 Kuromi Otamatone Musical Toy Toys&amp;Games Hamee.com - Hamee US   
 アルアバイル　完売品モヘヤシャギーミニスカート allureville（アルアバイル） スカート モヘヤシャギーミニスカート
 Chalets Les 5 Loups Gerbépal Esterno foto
____
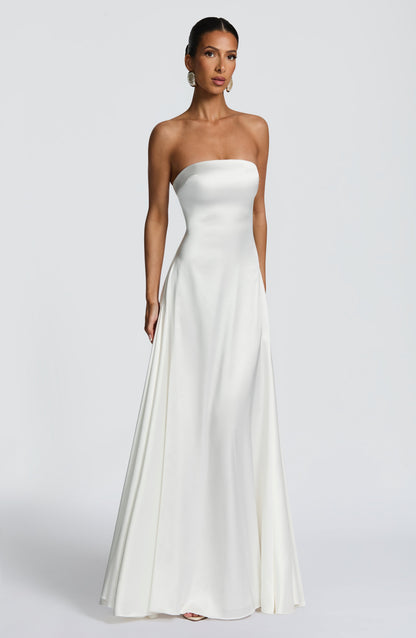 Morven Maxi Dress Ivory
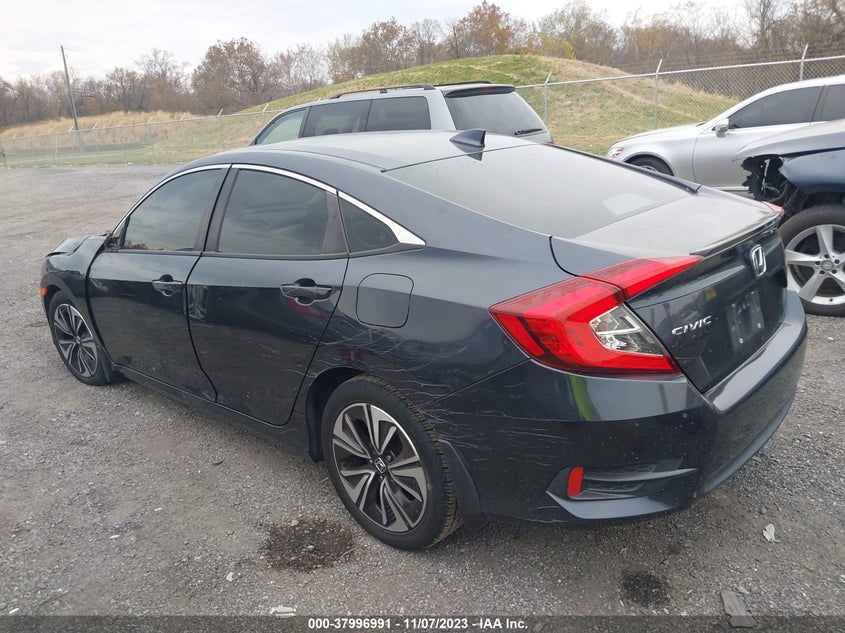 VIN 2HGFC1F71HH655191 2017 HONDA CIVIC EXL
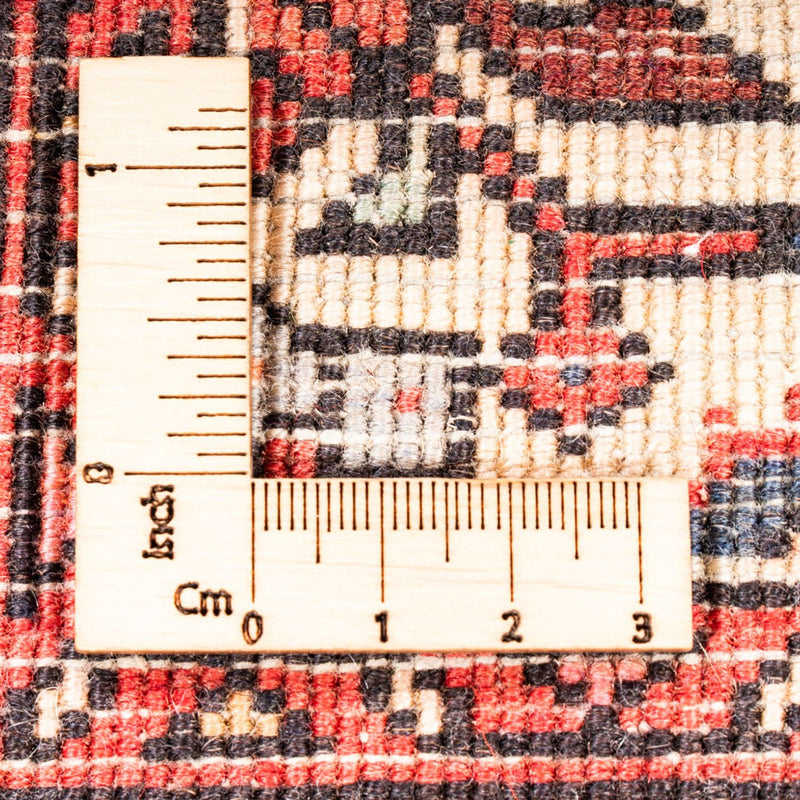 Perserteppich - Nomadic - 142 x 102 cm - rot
____
Task statement: Reproduce exactly the stretch of the material above that starts at the line with "アルアバイル　完売品モヘヤシャギーミニスカート allureville（アルアバイル） スカート" and ends at the line with "Chalets Les 5 Loups Gerbépal Esterno foto", both included, and nothing else.

Reply to the task:
 アルアバイル　完売品モヘヤシャギーミニスカート allureville（アルアバイル） スカート モヘヤシャギーミニスカート
 Chalets Les 5 Loups Gerbépal Esterno foto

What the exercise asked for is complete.